But head ten minutes north out of town, via the coastline walkway which hugs the cliffs, and you come to the beautiful bay of Playa Carazalillo. This shallow strip of beach is barely a hundred metres long and ten metres deep, and is an oasis of calm. No unwelcome hassle from hawkers here: the ones who ply their wares are friendly, and remember if you've said No when they return in the other direction. Besides, the food they're selling usually means that you say Yes. When I wasn't buying from the beach vendors I ate regularly at a tiny, ramshackle café at the bottom of the 176 steps from the street above. The fish tacos here were delicious, crispy tortillas...hot, stuffed with chunks of fresh avocado; I sometimes ate them twice a day, they were so good. Floating on your back in the cool sea, facing the cliffs and contemplating that first afternoon beer, is a simple pleasure not to be underestimated. It was easy to while away a few days here. The sunset looks best from the steps, and after it had disappeared I'd have a quick passing chat with the artisano selling bracelets and the like at the top. His name was Fabio. He was 40-plus, and Méxicano...not the usual crusty Israeli or Argentino you see in that line of business. He'd given me his sales patter the first time I'd passed. "Yeah, I've been here a few yearss...I have an American girlfriend, she looks after me...it's not an easy life...some days I have a few pennies in my pocket, some days I don't...you know...I just gotta keep going, thanks to God...so you're from England? God Bless England, man...yeah..." The wistful look out to sea which accompanied this pitch, and his sun-weathered, gap-toothed smile, may have worked on young surfer babes, but I saw through it. And he knew that, and grinned wider still. A nice guy, Fabio...but I'm not buying a bracelet.
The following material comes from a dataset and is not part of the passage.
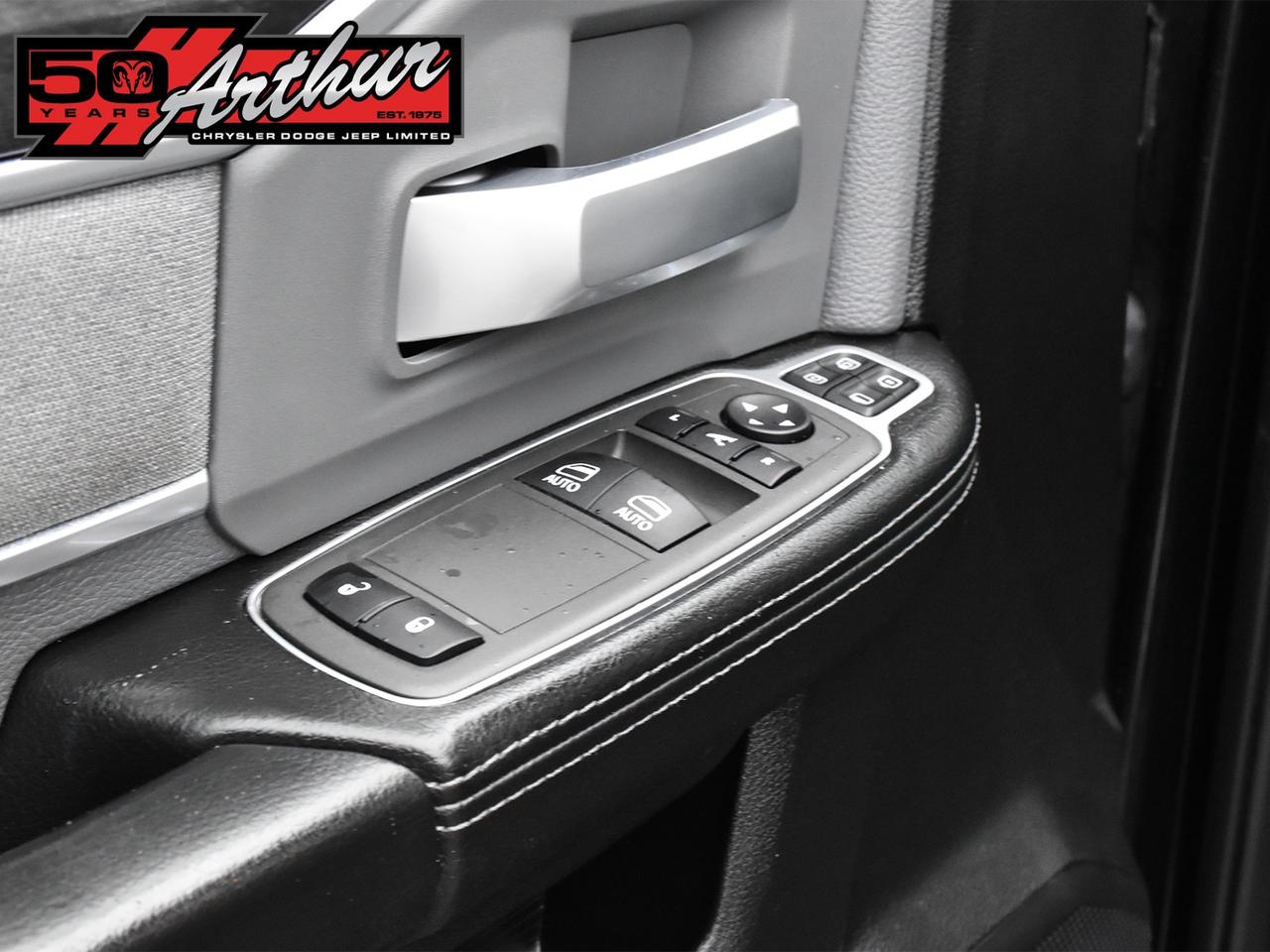 2023 RAM 2500 BIG HORN REG CAB 4X4 Photo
They say that the world is a small place. It is. I met a lad from Adelaide who was bemoaning the fact that the town, especially our hostel, was crawling with Australians. I told him I imagined it would be like myself arriving on the Costa Del Sol in Spain. Horrific. We had a quick chat, as my sister has lived in his hometown a number of years. He was from the same neighbourhood, and mentioned that he was a teacher. I jokingly said that I bet he'd tell me next that he taught at my nephew and niece's school? It turned out that he had, and knows them both well. Funny.
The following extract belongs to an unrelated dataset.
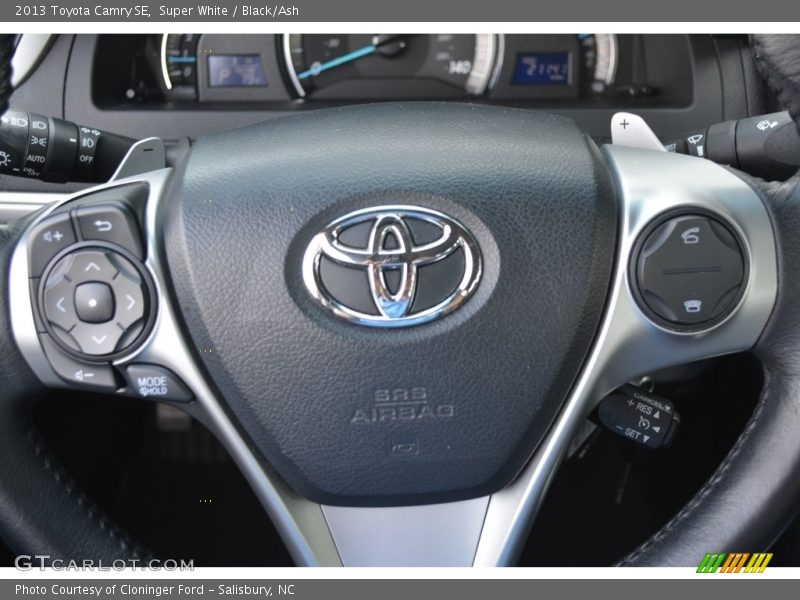 Super White / Black/Ash 2013 Toyota Camry SE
The Aussie asked me about the diving in Escondido, and I told him to give it a wide berth. I'd spent a morning out in a fish-stinking boat a few days before, diving two of the worst dive sites it has been my misfortune to visit. I won't waste breath, ink or web space on the first. The second had been a pile of rocks around the corner from the main beach, with very limited visibility and nothing of note to see. I was actually pleased when the dive guide started getting cold, as it was an excuse to end the dive. The owner had told me that a couple of days previously she'd seen mantas and a whale. Where? On a TV documentary? Talk about being led up the garden path; the guide said he'd seen one whale, in the distance, in a year of diving here. Now you can't guarantee anything in diving. When people ask if they'll see sharks or the like I'll always say that it's like planning a trip to LA and wondering if you'll see Brad and Angelina? Well...you might. But, on the other hand, you might not. But I don't like being bullshitted. And word of mouth can work both ways as far as recommendations go. So Puerto Dive Center won't be getting any more of my hard-earned. And I won't be sending any travellers their way, as I do with the Argentino guide, Nico, who showed me the cenotes in Tulum with five amazing dives.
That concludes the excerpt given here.